AFAIK, the Contemptor Mortis will have its own rules PDF. The Mortis pattern has an assault cannon on both arms, which isn't an option on the standard Contemptor PDF, and there's no 'redacted' bit that could be that. Additionally, the Helical Targeting Array and Cyclone are afaik exclusive to the CM, so wouldn't appear on the standard PDF.

Hope they hurry up and get the thing released, because that bad boy will go into my DA a treat. 12 Assault Cannon shots and a Cylcone? Yes please!


----------



## TheReverend (Dec 2, 2007)

can't wait for this. Assault cannon and heavy bolters he we come  they look awesome!!!

Rev


----------



## Words_of_Truth (Sep 20, 2007)

TheReverend said:


> can't wait for this. Assault cannon and heavy bolters he we come  they look awesome!!!
> 
> Rev


But is the Heavy Bolter any good?  I made a topic about it but pretty much everyone said it sucks and is pointless on a Dread.


----------



## deathwatch27 (Dec 30, 2009)

For the people who didn't check, all the arms are for BOTH sides so presumably the Heavy bolter drum mags will fit either side of the weapon.


----------



## TheReverend (Dec 2, 2007)

Words_of_Truth said:


> But is the Heavy Bolter any good?  I made a topic about it but pretty much everyone said it sucks and is pointless on a Dread.
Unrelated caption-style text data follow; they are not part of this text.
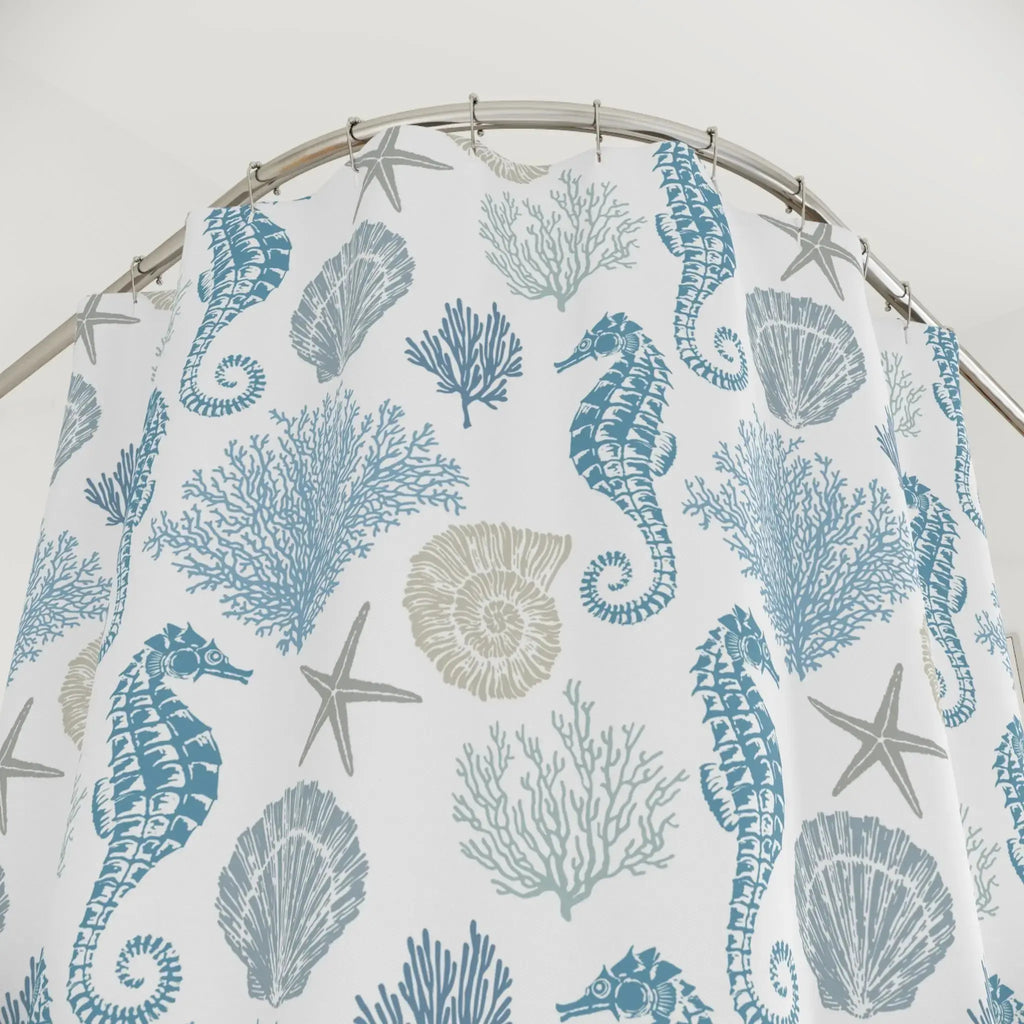 Coastal seahorse shower curtain with nautical ocean-inspired design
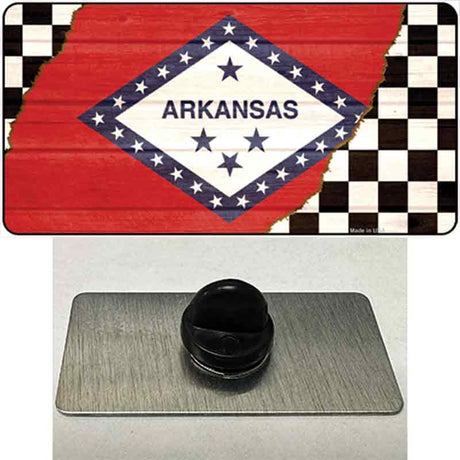 Arkansas Racing Flag Novelty Metal Hat Pin Tag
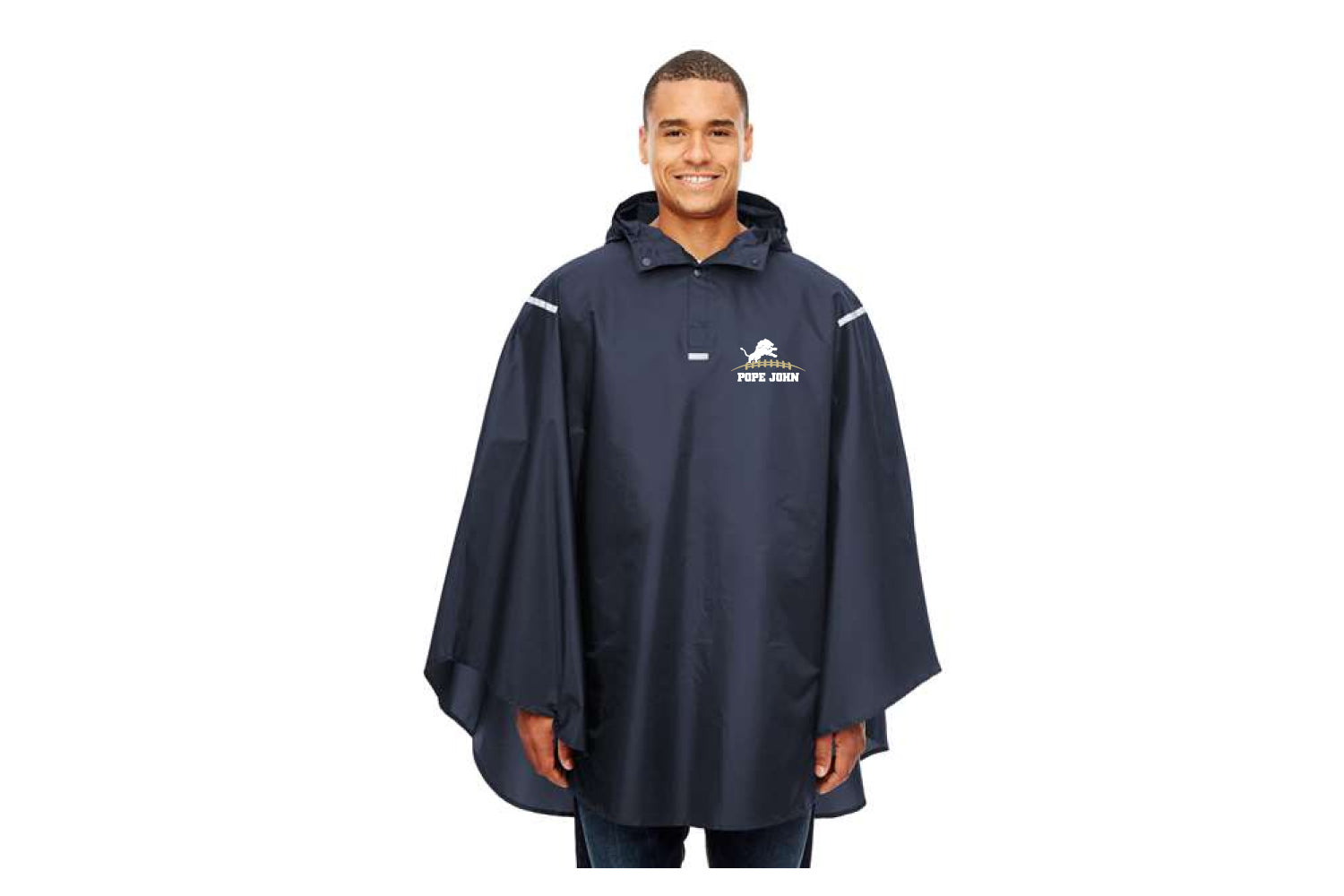Pope John Football Packable Rain Poncho - Navy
yeah it isn't as good as all the other weapons, but look at it!! It's awesome  I just like painting and collecting things that look good, if I love, who cares, I had the most awesome looking army


----------



## Lord of Rebirth (Jun 7, 2008)

Sorry to be so annoying but has there been any work on Chaos Contemptors? I'm really interested in at least a dozen contemptors primarily for a pre-heresy project but I'm not an Imperialist so I'm wanting to go more for a Horus Heresy transition on some of them.


----------



## xenobiotic (Jun 7, 2008)

As far as I know FW have confirmed that Chaos Contemptor Dreadnoughts are a current work in progress that will be released soon™. However with Games Day UK coming up soon I wouldn't expect them to be released before that. Maybe we'll see some at Games Day UK (or in my case, from the pictures from Games Day UK) but we won't know until the time has come. Hang in there and save your cash


----------



## SGMAlice (Aug 13, 2010)

They are going to be in the next Imperial Armor book; As it states on the Contemptor Datasheet so next Games day should be about right.

SGMAlice


----------



## James Tiberius (Sep 1, 2011)

although I dislike marines, I do like this allot, and tempts me to add one to a small marine contingent for any guard I might restart


----------



## shaantitus (Aug 3, 2009)

Looking forward to the chaos contemptor so very much.


----------



## Words_of_Truth (Sep 20, 2007)

You think a World Eater Contemptor would survive very long? ^^


----------



## HOBO (Dec 7, 2007)

The Contemptor has me thinking about building an Ancients Assault Force for Apoc games, to go with my Death Wing and drop podding SM lists.

Depends on if/when they do a Mortis pattern Contemptor Datasheet or not.


----------